A Stanford Dragon made of chromium rendered under a D65 illuminant. The light source is moderately coherent with a coherence radius of roughly $\sim30$ μm on average when incident upon the Dragon’s surface. The surface was modelled statistically only, therefore the scattered intensity, $I$, can be considered as a stochastic process. In order to render this scattered intensity we decompose it, in a physically and mathematically consistent manner, into its ensemble average, $\langle I\rangle$, and a fluctuating intensity, $\mathfrak{I}$: (left) The ensemble average of the process, $\langle I\rangle$, dominates the scattered energy and is the averaged scattered intensity over all possible realizations of the surface. (middle) The fluctuating intensity is a zero-mean process (only positive values were visualised) that gives rise to diffraction patterns—known as subjective optical speckle—that depend on the statistical properties of the light, surface and the imaging device. (right) The final intensity is then the superposition of the ensemble averaged lobe and fluctuating field.
Abstract
Tremendous effort has been extended by the Computer Graphics community to advance the level of realism of material appearance reproduction by incorporating increasingly more advanced techniques.
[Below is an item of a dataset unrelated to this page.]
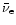 $\bar\nu_{\rm e}$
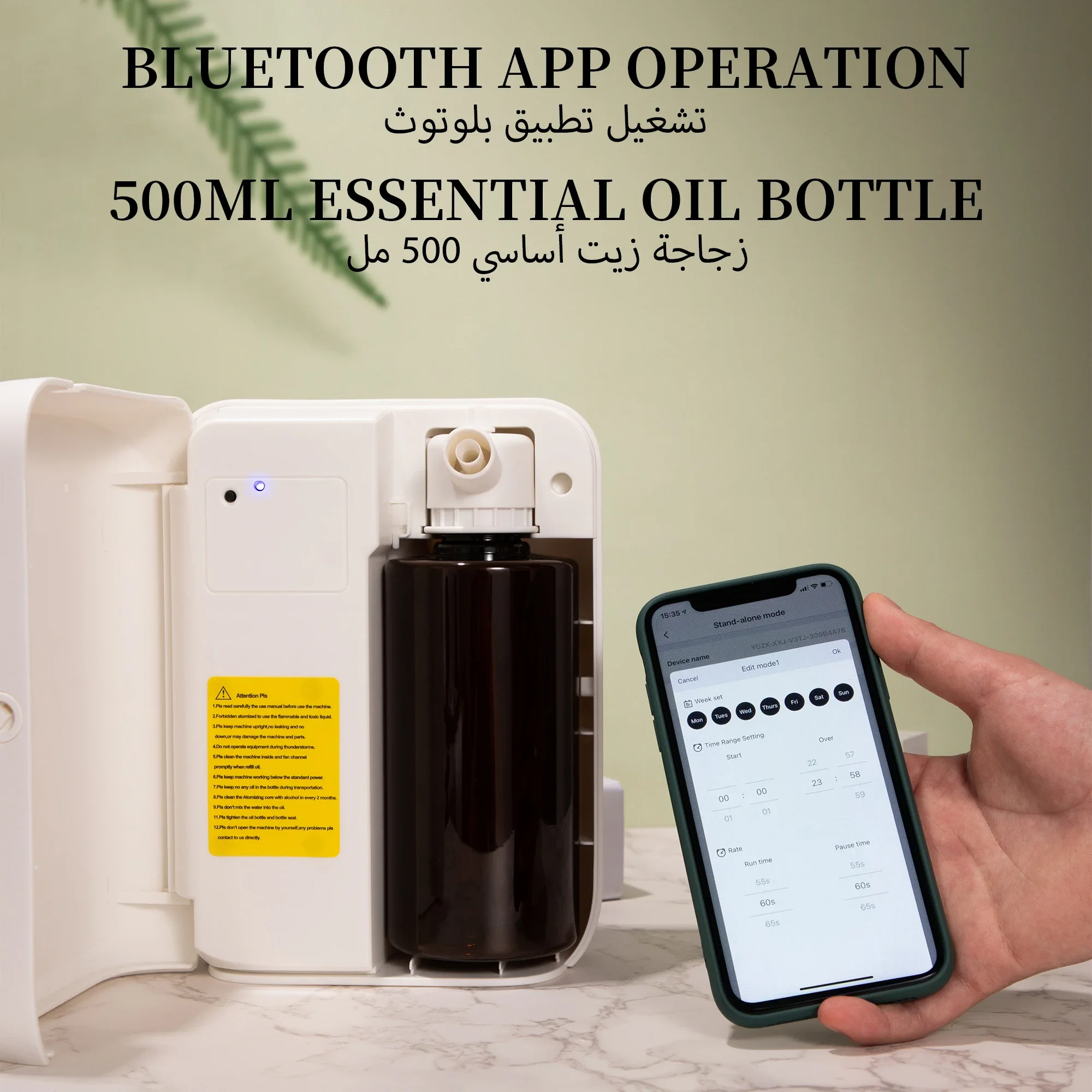 NAMSTE 1500m³ Bluetooth アロマディフ - Home Fragrance Potpourri のレビューと価格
We are now able to re-enact the complicated interplay between light and microscopic surface features—scratches, bumps and other imperfections—in a visually convincing fashion. However, diffractive patterns arise even when no explicitly defined features are present: Any random surface will act as a diffracting aperture and its statistics heavily influence the statistics of the diffracted wave fields. Nonetheless, the problem of rendering diffractions induced by surfaces that are defined purely statistically remains wholly unexplored. We present a thorough derivation, from core optical principles, of the intensity of the scattered fields that arise when a natural, partially coherent light source illuminates a random surface. We follow with a probability theory analysis of the statistics of those fields and present our rendering algorithm. All of our derivations are formally proven and verified numerically as well. Our method is the first to render diffractions that produced by a surface described statistically only and bridges the theoretical gap between contemporary surface modelling and rendering. Finally, we also present intuitive artistic control parameters that allow rendering of physical and non-physical diffraction patterns using our method.